= Abertzale =

Basque word that refers to Basque nationalism

Abertzale (/eu/; English: "patriot", literally "fond of the fatherland") is a Basque term usually referring to people or political groups who are associated with Basque nationalism.

Although the term is a synonym of "patriot", its common use in Basque mainly refers to Basque nationalism, whereas in the Spanish language abertzale (also spelled aberzale) means "Basque nationalist".

The use of the term by members and sympathizers of Herri Batasuna, and the fact that the followers of the Basque Nationalist Party (Partido Nacionalista Vasco, PNV) call themselves jeltzales more than abertzales, has brought about a situation where in the Spanish language the word is at times associated with that particular leftist current of Basque nationalism.

Several organizations past and present have used this word in their official Basque-language names:

- Abertzaleen Batasuna (Unity of the Abertzales): A political party in the French Basque Country.
- Emakume Abertzale Batza (Women's Abertzale Organization), onetime women's section of the PNV, made illegal by the rebel junta in Burgos during the Spanish Civil War.
- Euskal Abertzaletasunaren Museoa (Museum of Basque Nationalism).
- The name Eusko Abertzaleak (Basque Patriots) is used by various parliamentary and town council groups of the Basque Nationalist Party. In fact, Eusko Alkartasuna was meant to be founded under the name Eusko Abertzaleak, but the Basque Nationalist Party registered this name first.
- Eusko Abertzale Ekintza (Basque Nationalist Action), a Basque nationalist and leftist party.
- Ezker Mugimendu Abertzalea (Leftist Abertzale Movement): A political party in the French Basque Country.
- Gazte Abertzaleak (Abertzale Youths): the youth group of the Spanish Basque political party Eusko Alkartasuna, left of the PNV but not aligned with ETA or Batasuna.
- Koordinadora Abertzale Sozialista (Abertzale Socialist Coordinating Council, KAS).
- The names Ezker Abertzalea (Izquierda Abertzale or "Abertzale Left"), Nafarroako Sozialista Abertzaleak (Abertzale Socialist of Navarre) and Araba, Bizkai eta Gipuzkoako Sozialista Abertzaleak (Abertzale Socialists of Álava, Biscay, and Gipuzkoa) have been used by various parliamentary groups of Herri Batasuna and Euskal Herritarrok in different parliaments.
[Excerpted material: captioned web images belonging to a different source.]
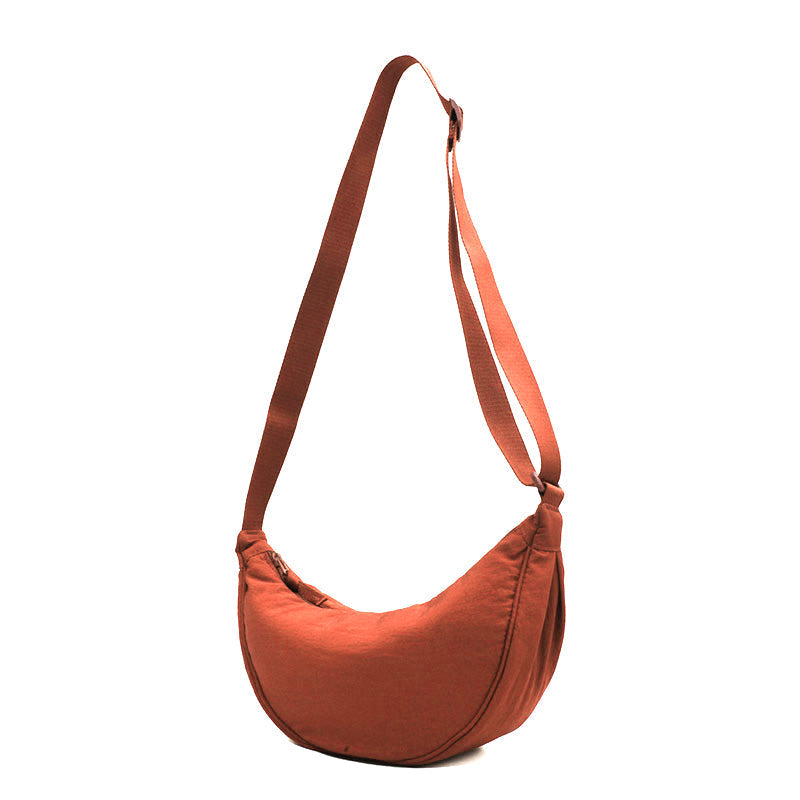 W&W | Halbmondförmige Tasche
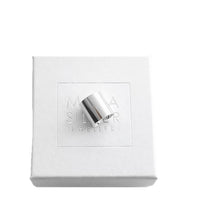 Plain Wide ear cuff | 925 silver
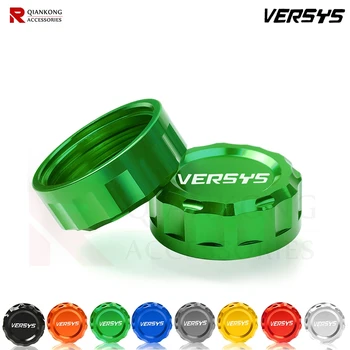 Motorcycle CNC Rear Brake Fluid Cylinder Master Reservoir Cover Cap For KAWASAKI Versys 650 All Year Versys 1000 2012-2016 2013
Motorcycle CNC Rear Brake Fluid Cylinder Master Reservoir Cover Cap For KAWASAKI Versys 650 All Year Versys 1000 2012-2016 2013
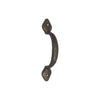 Textured Bronze Cabinet Pull - Spear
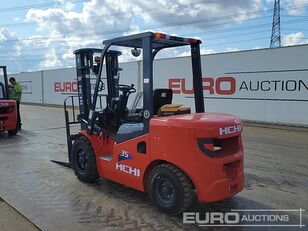 novi HCHI CPC35 dizel viljuškar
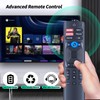 Voice Remote Control Replacement for Sharp/Hisense Android Smart TV Sub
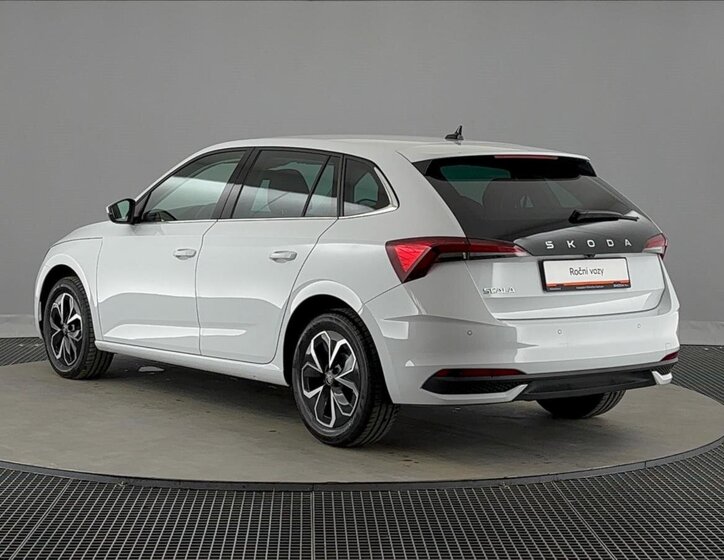 Škoda Scala Hatchback 1,5 l 110 kw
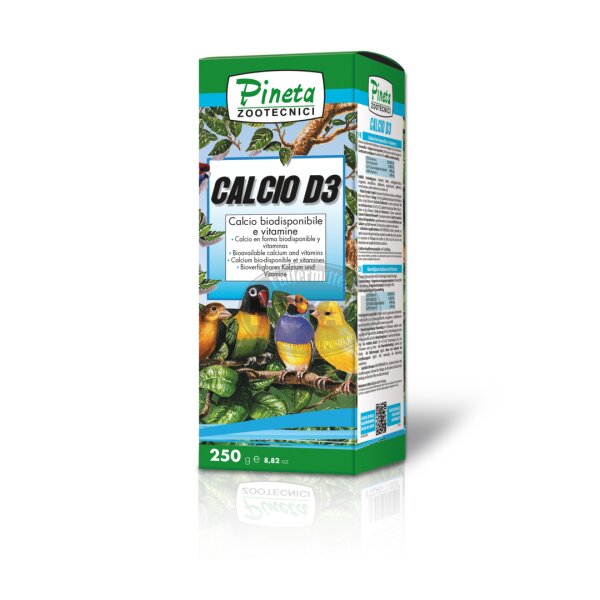 Pineta Calcio D3 flüssig 24ml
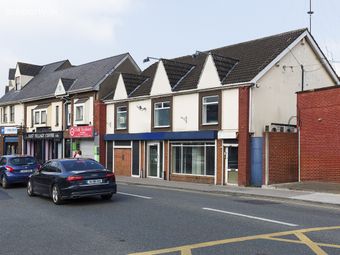 Ulster Bank Chambers Monastery Road, Clondalkin, Dublin 22
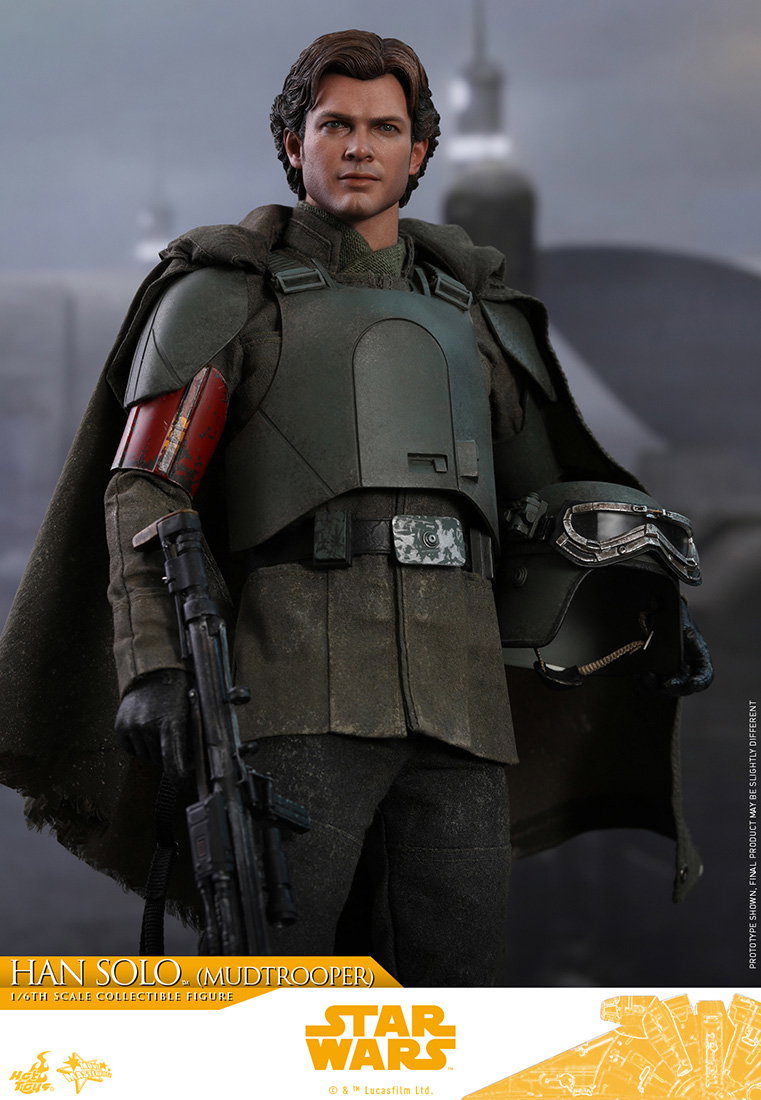 Solo: A Star Wars Story - Han Solo (Mudtrooper Version) image 4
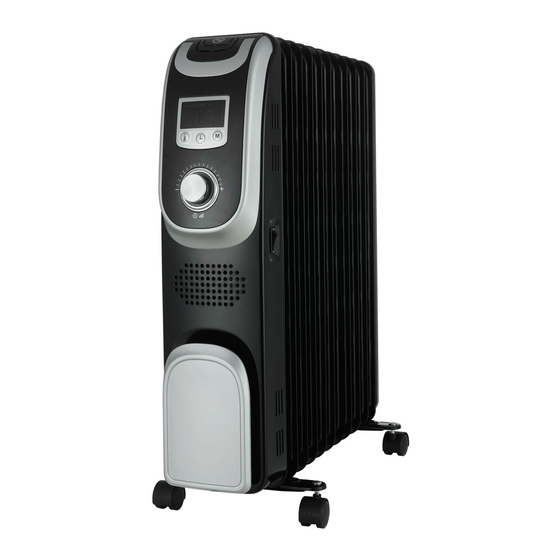 Midea NY2513-13A1L Bedienungsanleitung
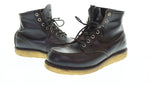 レッドウィング RED WING 2000年製 00's アイリッシュセッター USA 8179 メンズ靴 ブーツ その他 ブラック 8 103S-1093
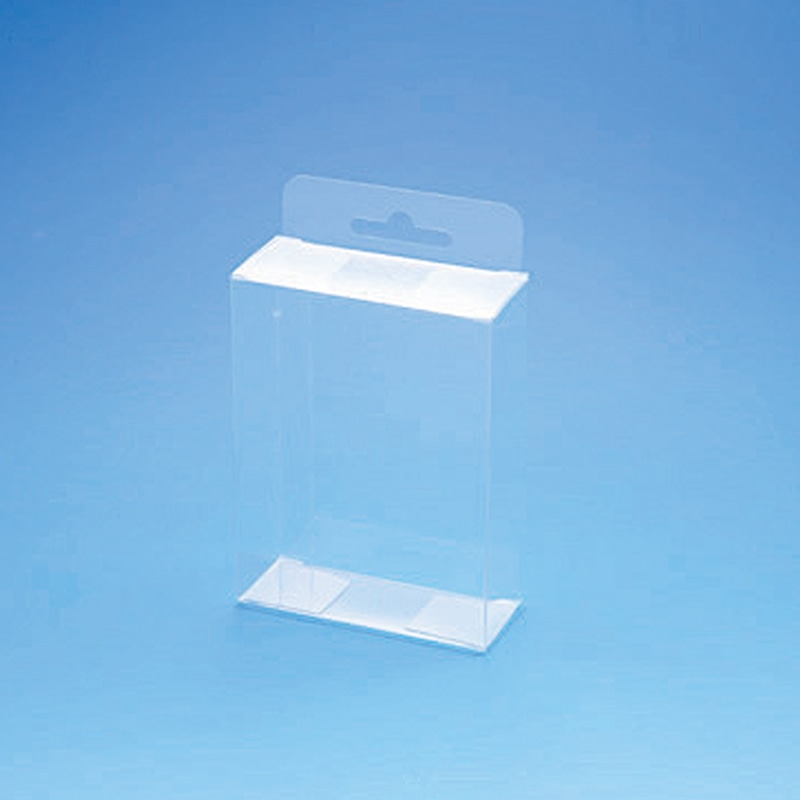 HEIKO 箱 クリスタルボックス ワンタッチタイプ HVシリーズ HV-10S 10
The term ezker abertzalea (abertzale left) is used to refer to parties or organisations which are Basque nationalist, but at the same time, left-wing. This may be Marxist, communist, socialist or social-democratic. The term is used to distinguish these organisations from the usual traditionalist or conservative character of the Basque Nationalist Party.